Tim Harris

No. 97, 99, 92
- Positions: Linebacker, defensive end

Personal information
- Born: September 10, 1964 (age 61) Birmingham, Alabama, U.S.
- Listed height: 6 ft 6 in (1.98 m)
- Listed weight: 265 lb (120 kg)

Career information
- High school: Woodlawn (Birmingham) Memphis Catholic (Memphis, Tennessee)
- College: Memphis
- NFL draft: 1986: 4th round, 84th overall pick

Career history
- Green Bay Packers (1986–1990); San Francisco 49ers (1991–1992); Philadelphia Eagles (1993); San Francisco 49ers (1994–1995);

Awards and highlights
- Super Bowl champion (XXIX); First-team All-Pro (1989); Second-team All-Pro (1988); Pro Bowl (1989); First Team All-South Independent (1983, 1984); Green Bay Packers Hall of Fame;

Career NFL statistics
- Tackles: 537
- Sacks: 81
- Fumble recoveries: 8
- Stats at Pro Football Reference

= Tim Harris (linebacker) =

American football player (born 1964)

Timothy David Harris (born September 10, 1964) is an American former professional football player who was a linebacker and defensive end in the National Football League (NFL) for the Green Bay Packers (1986–1990), the San Francisco 49ers (1991–1992, 1994–1995), and the Philadelphia Eagles (1993). He played college football at the University of Memphis and was selected by the Packers in the fourth round of the 1986 NFL draft.

As he entered Birmingham's Woodlawn High School, he began to excel in both football and basketball, but he moved with his aunt and uncle, who were teachers, to Memphis after his junior season. "My grades were not so good (at Woodlawn High) and I was not hanging around with the right people," Harris said. "And my mom and I thought I'd get more exposure in Memphis." [1]

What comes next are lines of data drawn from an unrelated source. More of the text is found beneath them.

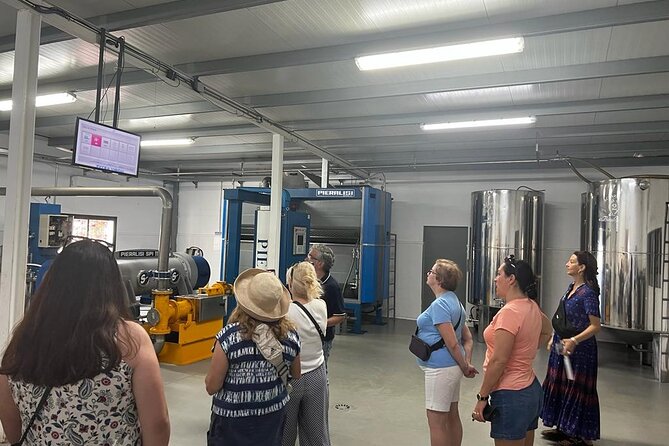 Olive Oil Factory From Seville Private Tour - Expert Guided Tour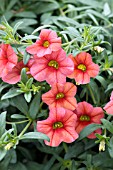 CALIBRACHOA HYBRID COLORBURST MELON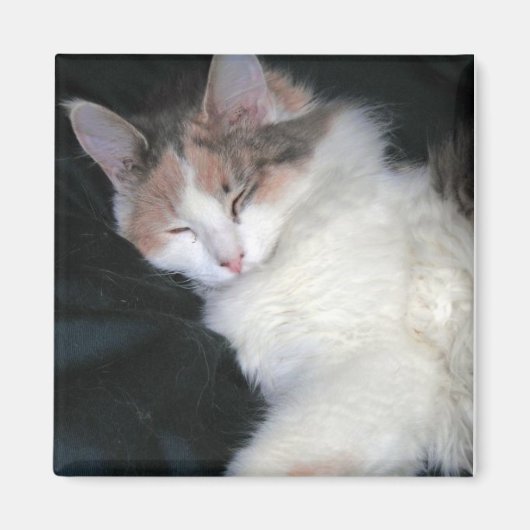 Aimant Diluer Calico Kitten Dormir (Devant)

Harris attended Memphis Catholic High School, but he was ineligible for most of the football season because of the move. Catholic High made the playoffs and Harris was finally declared eligible.

In his one and only game for Catholic, Harris recorded 22 tackles and caught the attention of major college coaches, including those at UCLA, Notre Dame and Tennessee. But he chose to stay close to home and play for the University of Memphis Tigers, where he was part of the nation's top-ranked defense for two seasons in 1984 and 85.

In The NFL, Harris was a key defensive player for a Packers team that finished 10-6 during the 1989 season, their best record since 1972. The team was referred to as the "Cardiac Pack" because of several close game wins. Harris finished that season with a career best 19.5 sacks and was selected to the Pro Bowl. Later in his career, he recorded 17 sacks as part of the 1992 San Francisco team that reached the NFC Championship Game. Two seasons later, he would earn a Super Bowl ring as the 49ers won Super Bowl XXIX.

Harris was a talkative, outgoing player, whose signature celebration after a sack was "six gun" hand gestures, whereby he pretended to shoot the opposing player. The NFL eventually banned his celebration as overly aggressive and unsportsmanlike.

During a Chicago Bears game in 1987 at Soldier Field, Harris and a young pair of Bears fans almost got into a fight over a flattened cup that was thrown directly at Harris. After the NFL and Pete Rozelle investigated the incident, it was determined that no disciplinary action would take place against Harris for the outburst.

In 2022, Harris was inducted into the Green Bay Packers Hall of Fame.